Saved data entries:
##########

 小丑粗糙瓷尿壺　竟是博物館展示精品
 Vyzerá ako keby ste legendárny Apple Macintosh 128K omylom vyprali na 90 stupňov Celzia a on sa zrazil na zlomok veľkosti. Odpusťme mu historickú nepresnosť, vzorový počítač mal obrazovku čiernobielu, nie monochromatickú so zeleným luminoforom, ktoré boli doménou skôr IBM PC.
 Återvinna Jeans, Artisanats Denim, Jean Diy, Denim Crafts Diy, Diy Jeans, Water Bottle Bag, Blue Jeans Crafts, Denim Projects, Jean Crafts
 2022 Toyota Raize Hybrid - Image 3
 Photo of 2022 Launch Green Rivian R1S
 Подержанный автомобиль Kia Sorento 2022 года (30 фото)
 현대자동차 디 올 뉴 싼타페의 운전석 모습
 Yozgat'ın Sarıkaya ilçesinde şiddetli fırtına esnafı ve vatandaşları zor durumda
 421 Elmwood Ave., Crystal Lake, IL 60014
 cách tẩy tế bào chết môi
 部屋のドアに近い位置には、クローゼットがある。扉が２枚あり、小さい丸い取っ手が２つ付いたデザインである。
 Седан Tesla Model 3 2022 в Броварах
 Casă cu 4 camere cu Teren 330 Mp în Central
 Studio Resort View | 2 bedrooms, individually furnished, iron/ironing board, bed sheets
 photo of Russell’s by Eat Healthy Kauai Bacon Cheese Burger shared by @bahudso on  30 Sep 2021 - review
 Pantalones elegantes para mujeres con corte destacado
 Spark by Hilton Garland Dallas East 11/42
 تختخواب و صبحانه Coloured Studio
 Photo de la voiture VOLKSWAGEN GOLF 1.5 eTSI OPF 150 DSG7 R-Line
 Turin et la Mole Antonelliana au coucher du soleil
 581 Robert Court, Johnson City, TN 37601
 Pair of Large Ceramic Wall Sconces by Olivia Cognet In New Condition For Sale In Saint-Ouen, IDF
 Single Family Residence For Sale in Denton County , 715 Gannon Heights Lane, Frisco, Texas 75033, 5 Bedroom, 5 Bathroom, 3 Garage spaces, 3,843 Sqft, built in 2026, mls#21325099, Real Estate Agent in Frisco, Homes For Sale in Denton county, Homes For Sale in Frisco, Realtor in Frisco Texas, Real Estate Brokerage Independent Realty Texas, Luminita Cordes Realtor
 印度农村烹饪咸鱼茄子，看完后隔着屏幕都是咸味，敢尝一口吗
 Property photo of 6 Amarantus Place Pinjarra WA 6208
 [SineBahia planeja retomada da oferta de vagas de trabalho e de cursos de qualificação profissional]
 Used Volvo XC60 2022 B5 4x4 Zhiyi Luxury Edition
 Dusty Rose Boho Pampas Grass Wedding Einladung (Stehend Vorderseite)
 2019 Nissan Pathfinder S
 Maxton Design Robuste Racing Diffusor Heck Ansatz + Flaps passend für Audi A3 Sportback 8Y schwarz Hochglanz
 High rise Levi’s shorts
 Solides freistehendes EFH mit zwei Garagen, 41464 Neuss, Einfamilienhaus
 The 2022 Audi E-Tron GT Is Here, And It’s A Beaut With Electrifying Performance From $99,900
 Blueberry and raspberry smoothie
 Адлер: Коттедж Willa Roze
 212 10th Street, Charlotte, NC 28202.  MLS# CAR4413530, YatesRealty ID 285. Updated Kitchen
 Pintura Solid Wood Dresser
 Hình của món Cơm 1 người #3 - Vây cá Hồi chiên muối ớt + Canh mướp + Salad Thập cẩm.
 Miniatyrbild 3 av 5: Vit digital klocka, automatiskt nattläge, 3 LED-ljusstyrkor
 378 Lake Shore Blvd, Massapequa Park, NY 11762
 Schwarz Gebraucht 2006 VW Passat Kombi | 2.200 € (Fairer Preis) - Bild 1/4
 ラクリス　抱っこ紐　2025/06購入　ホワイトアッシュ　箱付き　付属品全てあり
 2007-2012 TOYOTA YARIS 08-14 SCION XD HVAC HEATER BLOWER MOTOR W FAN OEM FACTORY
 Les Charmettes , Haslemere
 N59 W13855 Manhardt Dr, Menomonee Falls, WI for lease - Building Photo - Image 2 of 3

##########

» TASK ITEM:
What is needed here is an exact copy of all the records above.

» RESULT OF THE TASK:
 小丑粗糙瓷尿壺　竟是博物館展示精品
 Vyzerá ako keby ste legendárny Apple Macintosh 128K omylom vyprali na 90 stupňov Celzia a on sa zrazil na zlomok veľkosti. Odpusťme mu historickú nepresnosť, vzorový počítač mal obrazovku čiernobielu, nie monochromatickú so zeleným luminoforom, ktoré boli doménou skôr IBM PC.
 Återvinna Jeans, Artisanats Denim, Jean Diy, Denim Crafts Diy, Diy Jeans, Water Bottle Bag, Blue Jeans Crafts, Denim Projects, Jean Crafts
 2022 Toyota Raize Hybrid - Image 3
 Photo of 2022 Launch Green Rivian R1S
 Подержанный автомобиль Kia Sorento 2022 года (30 фото)
 현대자동차 디 올 뉴 싼타페의 운전석 모습
 Yozgat'ın Sarıkaya ilçesinde şiddetli fırtına esnafı ve vatandaşları zor durumda
 421 Elmwood Ave., Crystal Lake, IL 60014
 cách tẩy tế bào chết môi
 部屋のドアに近い位置には、クローゼットがある。扉が２枚あり、小さい丸い取っ手が２つ付いたデザインである。
 Седан Tesla Model 3 2022 в Броварах
 Casă cu 4 camere cu Teren 330 Mp în Central
 Studio Resort View | 2 bedrooms, individually furnished, iron/ironing board, bed sheets
 photo of Russell’s by Eat Healthy Kauai Bacon Cheese Burger shared by @bahudso on  30 Sep 2021 - review
 Pantalones elegantes para mujeres con corte destacado
 Spark by Hilton Garland Dallas East 11/42
 تختخواب و صبحانه Coloured Studio
 Photo de la voiture VOLKSWAGEN GOLF 1.5 eTSI OPF 150 DSG7 R-Line
 Turin et la Mole Antonelliana au coucher du soleil
 581 Robert Court, Johnson City, TN 37601
 Pair of Large Ceramic Wall Sconces by Olivia Cognet In New Condition For Sale In Saint-Ouen, IDF
 Single Family Residence For Sale in Denton County , 715 Gannon Heights Lane, Frisco, Texas 75033, 5 Bedroom, 5 Bathroom, 3 Garage spaces, 3,843 Sqft, built in 2026, mls#21325099, Real Estate Agent in Frisco, Homes For Sale in Denton county, Homes For Sale in Frisco, Realtor in Frisco Texas, Real Estate Brokerage Independent Realty Texas, Luminita Cordes Realtor
 印度农村烹饪咸鱼茄子，看完后隔着屏幕都是咸味，敢尝一口吗
 Property photo of 6 Amarantus Place Pinjarra WA 6208
 [SineBahia planeja retomada da oferta de vagas de trabalho e de cursos de qualificação profissional]
 Used Volvo XC60 2022 B5 4x4 Zhiyi Luxury Edition
 Dusty Rose Boho Pampas Grass Wedding Einladung (Stehend Vorderseite)
 2019 Nissan Pathfinder S
 Maxton Design Robuste Racing Diffusor Heck Ansatz + Flaps passend für Audi A3 Sportback 8Y schwarz Hochglanz
 High rise Levi’s shorts
 Solides freistehendes EFH mit zwei Garagen, 41464 Neuss, Einfamilienhaus
 The 2022 Audi E-Tron GT Is Here, And It’s A Beaut With Electrifying Performance From $99,900
 Blueberry and raspberry smoothie
 Адлер: Коттедж Willa Roze
 212 10th Street, Charlotte, NC 28202.  MLS# CAR4413530, YatesRealty ID 285. Updated Kitchen
 Pintura Solid Wood Dresser
 Hình của món Cơm 1 người #3 - Vây cá Hồi chiên muối ớt + Canh mướp + Salad Thập cẩm.
 Miniatyrbild 3 av 5: Vit digital klocka, automatiskt nattläge, 3 LED-ljusstyrkor
 378 Lake Shore Blvd, Massapequa Park, NY 11762
 Schwarz Gebraucht 2006 VW Passat Kombi | 2.200 € (Fairer Preis) - Bild 1/4
 ラクリス　抱っこ紐　2025/06購入　ホワイトアッシュ　箱付き　付属品全てあり
 2007-2012 TOYOTA YARIS 08-14 SCION XD HVAC HEATER BLOWER MOTOR W FAN OEM FACTORY
 Les Charmettes , Haslemere
 N59 W13855 Manhardt Dr, Menomonee Falls, WI for lease - Building Photo - Image 2 of 3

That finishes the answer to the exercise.